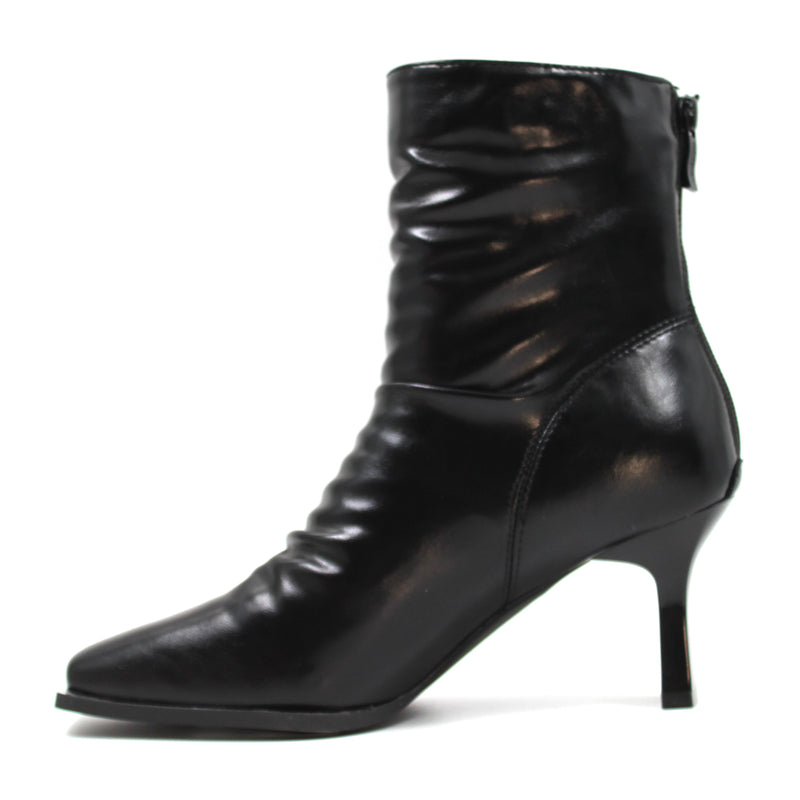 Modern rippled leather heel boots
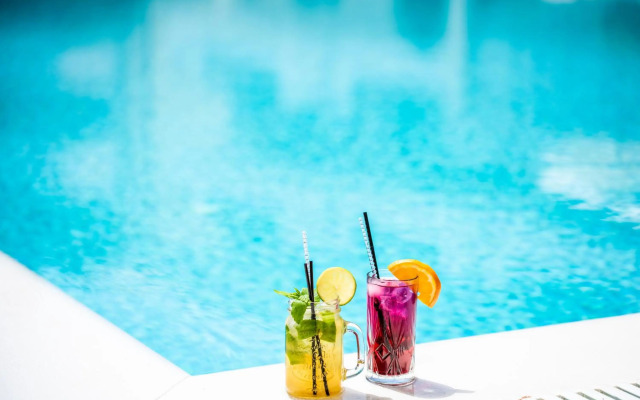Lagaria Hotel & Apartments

==

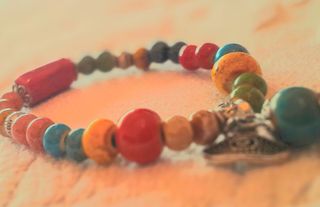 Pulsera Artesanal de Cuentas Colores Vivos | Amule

* AIM OF THE TASK *
From the records above, copy exactly the lines starting at the one with "Modern rippled leather heel boots" and ending at the one with "Lagaria Hotel & Apartments", and no others. Pictures stay out.

* ANSWER TO THE PROBLEM *
 Modern rippled leather heel boots
Lagaria Hotel & Apartments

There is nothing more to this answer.